Coughlan appeared on the list of ‘missing persons’ in the Irish Times of 22 August 1921. The strong circumstantial evidence points to the body in the press report being Coughlan

1920 Aug 14 Kidnapped and later died in IRA captivity

 

From Cork Spy Files

It must have been Coughlan’s body that washed ashore at Ballybranigan Strand, seven miles from Midleton, Co Cork, on September 3, 1920. Although the body was too decomposed for identification, the fact that it was tied to a cart axle pointed to Coughlan. His remains were buried in Knockgriffin Cemetery.

Coughlan allegedly hanged himself while being held in IRA custody for having allowed his daughters to be used as ‘prostitutes’ by British forces. Those who executed him tied his body to a cart axle and threw it into the sea, but it was washed up shortly afterwards and identified. The IRA claimed later to have obtained evidence that Coughlan was a spy. He died in IRA custody at Aghada near Midleton.

The only John Coughlan listed in the 1911 census as resident in Queenstown resided in Barry’s Lane with his wife Anne, a son, and three daughters whose ages in 1920 would have been about 24, 19, and 14. Coughlan was a Catholic and a ‘general labourer’.
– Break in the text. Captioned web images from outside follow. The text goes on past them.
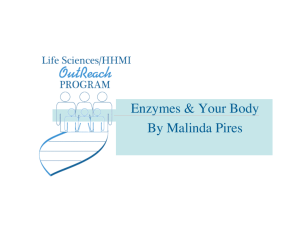 Enzymes & Your Body By Malinda Pires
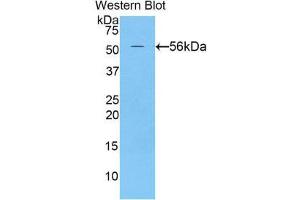 Image no. 1 for anti-Netrin 1 (NTN1) (AA 313-565) antibody (ABIN1860069)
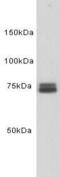 Transferrin antibody, GTX37474, GeneTex, Western Blot image 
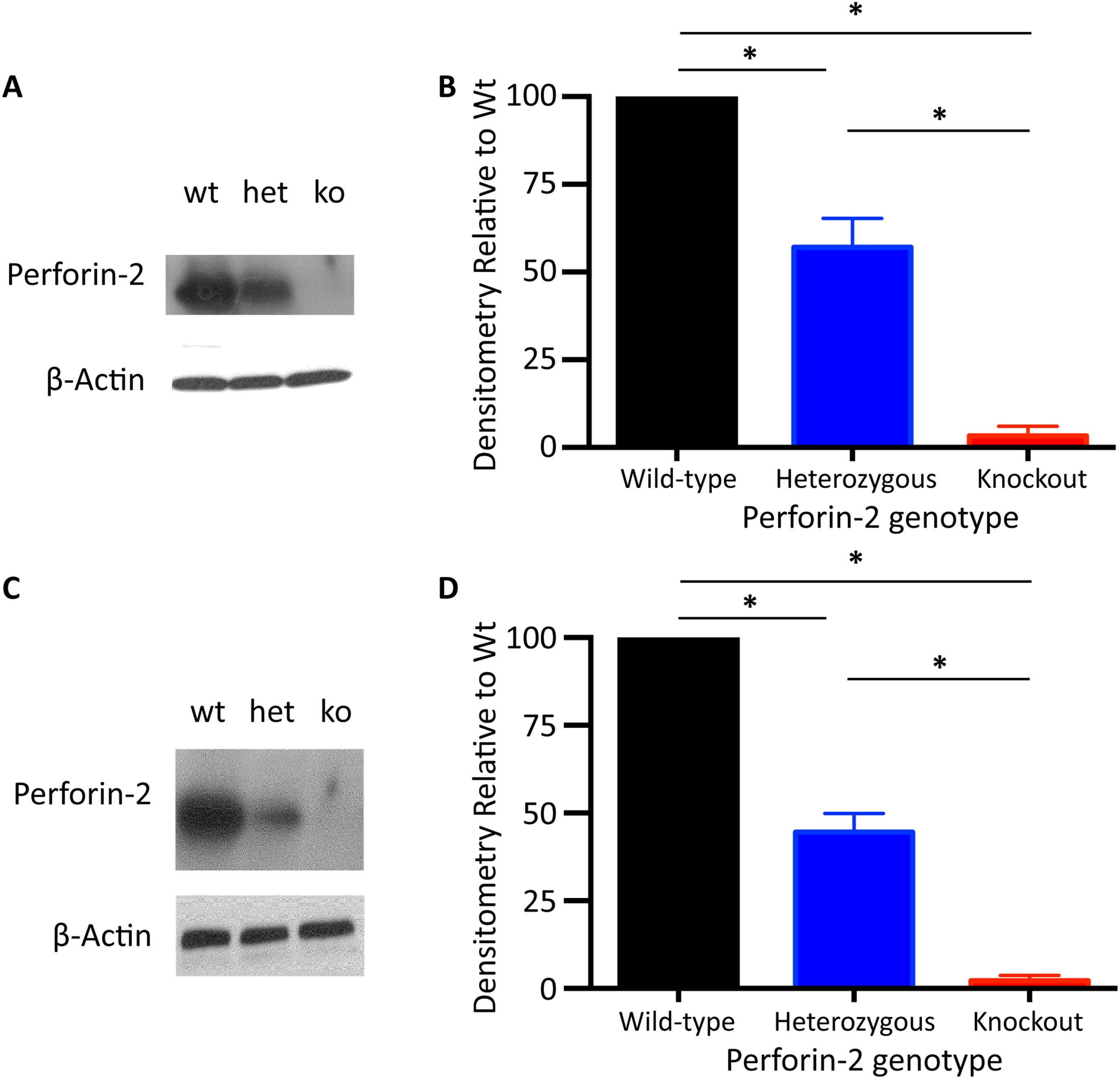 Perforin Rats Perforin-2 is essential for intracellular defense of parenchymal cells ...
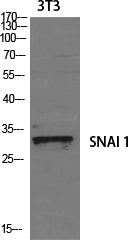 Western Blot analysis of 3T3 cells using SNAI1 Polyclonal Antibody at dilution of 1:1000.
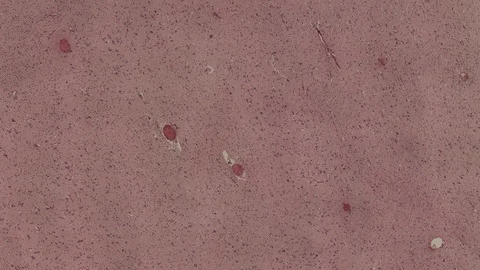 Human body cells under a scientific microscope animation Video stock 107015503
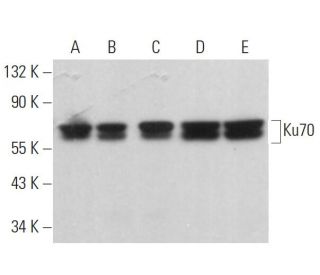 Ku70 Antibody (0.N.376) - Western Blotting - Image 379280 
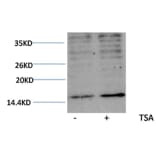 Western blot - Histone H3 (Acetyl-Lys23) Rabbit Polyclonal Antibody from Signalway Antibody (HW076) - Antibodies.com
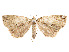  (Ischnopteris chlorophaearia - CCDB-37904-A05)  @11 [ ] CreativeCommons - Attribution Share - Alike (2024) CBG Photography Group Centre for Biodiversity Genomics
This ghoulish story finds an explanation in an interview given by former Volunteer Michael (Mick) Leahy to Ernie O’Malley sometime in the early 1950s: “The strangest thing about the first spy who met his death through us was that we didn’t shoot him. In Cobh we arrested this fellow [John Coughlan] for using his two daughters as prostitutes for the British and we took him to Aghada and we wanted to [illegible] for a while. He was kept in May Higgins [house] in a loft and there was a girl there. She was bringing him up his breakfast when she found him hanging to a rafter, dead.

“I got four lads to bury him. Paddy Sullivan from Cobh, who was later executed in Cork Gaol after he had been caught in [the Battle of] Clonmult, [was one of them.] Later on he asked me did we see the Examiner. And when I read it, I found that a body, which had been tied to an axle, had washed ashore. The lads had not buried him. They had tied him to a car axle and had flung him out into the sea. He was in the morgue in Midleton, I was told, in the workhouse.

“We visited the morgue, but at the time the bad flu was raging and the morgue was full of corpses. We went from corpse to corpse with a flash lamp, pulling up the clothes to look for our man.

“At last we came to a corpse and when we pulled back the cloth, we found that the crabs had got hold of his face and that there was nothing of it left. A month later, we got evidence that this man had been a spy and that’s why he hanged himself.”